And now we are in a condition to inquire into the value of consciousness as a truth-imparting-faculty, and to ascertain perhaps, or at any rate to suggest, whether there may not possibly be a simpler state of intellectual action in which the non-ego alone shall take an active part, and which therefore will be objectively trustworthy in a higher degree.
 
The condition necessary to the existence of consciousness in the ordinary meaning of the term, we have found to be a proper potentiality in the individual so great, that it is not all engaged or fixed by the object presenting, but remains centrally, so to speak, unimpressed or free, that is, in possession of its own proper changefulness; and it is to the development of the mind into this dualized mode of action that consciousness attaches. Thus, when the light of the morning streams in at the window, the stimulus awakes the reposing mind of the healthy sleeper into consciousness, and with regard to any object to which his eye or his ear may be open, he says, "I see it, I hear it," I think this or that about it. Here we have the mind acting normally in consciousness. And this plainly cannot but be of the greatest value to the individual; because along with whatever else it gives, it gives also himself, and therefore puts him immediately up to any danger or any benefit which the object presenting may bring along with it. But this very fact (that consciousness seems to be a conservative function) assists in suggesting the inquiry, whether, while one may still continue in the waking state, a perception of objects may not be attainable from which all egotistical reflection on the part of the observer shall vanish, and the "it" only remain, that is, the object as it is, in terms of a pure knowledge of it? To ask for more,-to ask, for instance, a knowledge of "the object as it is in itself,"-is either to imply that knowing and being may be one and the same thing; or it is to speak nonsense. But it is a fair question whether, besides and beyond every-day consciousness, there may not be a state of vision from which the subjective element has for the time vanished, or at any rate is on the eve of vanishing, so that the entire mental action shall belong to the object, and purely represent it?

SYNTHESIS AND ANALYSIS.
 
Let us approach this inquiry. And here, in the very first place, it would be desirable if we could identify the two phases of the dualized mode of action which we have described with familiar names. The first is that in which, in virtue of the self-manifesting power of its environments, or of its own former states, the mental activity is impressed by that which is not itself as actually in play, and by being so impressed affirms the existence of that which is impressing it. The second is that in which, in virtue of its own intrinsic power and liberty, it may ramble among its environments, fixing on this, and neglecting that, as it pleases, being obliged meanwhile to affirm only itself. Now, do these, our two typical modes of mental action, correspond to any that are well known and which have appropriate names? Yes; is not the former, let us ask, precisely that which is well known as the SYNTHETIC ACTION of the mind-that in which the mind exists and acts as a member in the universe, striking with this object or idea, or with that, as it may happen to present itself, and so affirming it? And is not the latter precisely that which is known as the ANALYTIC ACTION of the mind-that in which the mind exists and acts as an universe itself, or at any rate an universe to itself, affirming its own existence independently of that of the outward universe, or even in opposition to it? These agreements with well-ascertained phenomena will not be disputed.

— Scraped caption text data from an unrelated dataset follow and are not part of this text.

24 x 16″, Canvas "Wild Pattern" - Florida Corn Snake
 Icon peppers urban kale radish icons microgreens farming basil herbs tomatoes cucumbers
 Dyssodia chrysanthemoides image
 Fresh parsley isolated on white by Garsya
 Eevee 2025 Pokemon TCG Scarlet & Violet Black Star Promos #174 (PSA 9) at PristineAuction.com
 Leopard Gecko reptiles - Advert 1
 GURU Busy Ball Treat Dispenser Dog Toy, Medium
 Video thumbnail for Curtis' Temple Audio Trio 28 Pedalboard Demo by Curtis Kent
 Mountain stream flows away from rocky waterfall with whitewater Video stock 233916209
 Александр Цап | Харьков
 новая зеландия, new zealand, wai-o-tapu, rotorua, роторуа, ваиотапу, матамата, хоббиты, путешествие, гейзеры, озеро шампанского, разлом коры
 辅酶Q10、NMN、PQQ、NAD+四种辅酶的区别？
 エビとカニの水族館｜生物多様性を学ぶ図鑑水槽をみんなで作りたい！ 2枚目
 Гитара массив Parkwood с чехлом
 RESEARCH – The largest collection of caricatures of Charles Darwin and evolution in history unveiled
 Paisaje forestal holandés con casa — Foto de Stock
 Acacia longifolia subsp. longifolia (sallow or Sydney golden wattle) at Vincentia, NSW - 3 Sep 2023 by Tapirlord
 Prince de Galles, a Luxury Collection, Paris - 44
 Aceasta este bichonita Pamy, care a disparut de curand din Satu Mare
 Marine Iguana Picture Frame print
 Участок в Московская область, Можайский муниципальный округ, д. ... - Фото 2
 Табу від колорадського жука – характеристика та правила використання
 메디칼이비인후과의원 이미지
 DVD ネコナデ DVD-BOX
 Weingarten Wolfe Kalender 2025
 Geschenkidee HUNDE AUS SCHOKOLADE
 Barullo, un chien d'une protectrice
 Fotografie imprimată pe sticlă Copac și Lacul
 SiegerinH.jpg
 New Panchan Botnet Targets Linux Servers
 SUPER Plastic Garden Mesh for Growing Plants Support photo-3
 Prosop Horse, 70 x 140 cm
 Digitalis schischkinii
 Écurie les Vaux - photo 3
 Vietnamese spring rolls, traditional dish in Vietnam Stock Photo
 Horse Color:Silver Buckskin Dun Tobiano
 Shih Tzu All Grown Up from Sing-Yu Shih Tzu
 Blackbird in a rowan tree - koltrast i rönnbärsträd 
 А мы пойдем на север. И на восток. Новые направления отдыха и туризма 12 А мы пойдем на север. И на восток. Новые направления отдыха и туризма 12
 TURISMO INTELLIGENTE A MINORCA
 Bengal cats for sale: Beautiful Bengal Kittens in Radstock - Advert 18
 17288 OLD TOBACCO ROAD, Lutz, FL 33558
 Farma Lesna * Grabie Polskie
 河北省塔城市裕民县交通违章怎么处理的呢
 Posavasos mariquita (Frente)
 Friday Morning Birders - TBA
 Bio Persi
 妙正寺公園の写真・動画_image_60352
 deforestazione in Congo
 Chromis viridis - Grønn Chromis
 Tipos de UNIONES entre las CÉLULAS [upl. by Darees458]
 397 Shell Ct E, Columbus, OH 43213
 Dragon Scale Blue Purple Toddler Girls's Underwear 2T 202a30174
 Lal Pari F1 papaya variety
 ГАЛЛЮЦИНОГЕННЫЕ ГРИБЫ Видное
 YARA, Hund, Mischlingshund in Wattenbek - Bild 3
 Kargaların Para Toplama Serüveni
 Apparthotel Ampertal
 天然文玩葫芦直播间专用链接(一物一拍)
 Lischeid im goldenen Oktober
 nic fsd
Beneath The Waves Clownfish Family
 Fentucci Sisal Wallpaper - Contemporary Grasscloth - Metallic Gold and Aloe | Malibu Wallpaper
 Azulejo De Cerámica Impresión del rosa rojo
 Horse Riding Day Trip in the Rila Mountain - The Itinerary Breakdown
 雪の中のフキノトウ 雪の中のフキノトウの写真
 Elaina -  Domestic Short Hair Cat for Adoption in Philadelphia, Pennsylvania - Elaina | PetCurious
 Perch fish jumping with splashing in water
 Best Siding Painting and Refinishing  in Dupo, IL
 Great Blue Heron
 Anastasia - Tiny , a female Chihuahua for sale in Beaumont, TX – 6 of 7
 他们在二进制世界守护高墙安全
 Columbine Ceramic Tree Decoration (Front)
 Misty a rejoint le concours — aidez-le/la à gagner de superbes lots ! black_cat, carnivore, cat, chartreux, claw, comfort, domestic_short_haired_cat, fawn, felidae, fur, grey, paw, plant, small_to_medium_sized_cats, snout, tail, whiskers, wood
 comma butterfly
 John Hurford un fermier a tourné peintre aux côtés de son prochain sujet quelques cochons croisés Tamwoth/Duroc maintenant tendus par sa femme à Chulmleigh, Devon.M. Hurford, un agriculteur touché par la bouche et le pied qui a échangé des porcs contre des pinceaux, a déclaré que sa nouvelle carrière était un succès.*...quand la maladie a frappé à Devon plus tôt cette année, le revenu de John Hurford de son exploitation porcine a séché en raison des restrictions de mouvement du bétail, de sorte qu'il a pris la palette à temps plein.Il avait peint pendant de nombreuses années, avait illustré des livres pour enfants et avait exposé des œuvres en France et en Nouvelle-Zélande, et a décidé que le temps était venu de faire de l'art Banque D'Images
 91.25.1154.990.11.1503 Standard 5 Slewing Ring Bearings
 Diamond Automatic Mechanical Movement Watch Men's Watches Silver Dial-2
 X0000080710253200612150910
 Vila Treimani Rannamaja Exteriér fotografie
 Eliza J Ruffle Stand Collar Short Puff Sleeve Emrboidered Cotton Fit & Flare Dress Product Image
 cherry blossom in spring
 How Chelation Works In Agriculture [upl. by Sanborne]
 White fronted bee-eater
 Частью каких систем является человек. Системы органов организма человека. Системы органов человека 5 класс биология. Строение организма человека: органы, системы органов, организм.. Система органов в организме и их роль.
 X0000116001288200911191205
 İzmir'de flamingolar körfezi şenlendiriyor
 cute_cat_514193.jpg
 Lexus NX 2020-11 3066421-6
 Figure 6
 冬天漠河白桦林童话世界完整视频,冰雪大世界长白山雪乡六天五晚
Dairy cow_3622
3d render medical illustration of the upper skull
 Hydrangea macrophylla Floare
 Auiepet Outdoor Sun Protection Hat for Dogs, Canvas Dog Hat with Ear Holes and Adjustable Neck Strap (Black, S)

We may say, then, that the existence of consciousness depends on the development of the mental action in the individual into a synthetico-analytic rhythm. And it has appeared that the condition necessary to such a development is that the mind shall be normally affected, on the one hand, as a member in the universe, and so far fixed, while on the other hand it is not wholly engaged or fixed by that which is other than itself, but continues to a certain extent free, that is, in possession of its own proper potentiality, and a spectator of itself as well as its surroundings.
 
SYNTHESIS, ITS VALUE.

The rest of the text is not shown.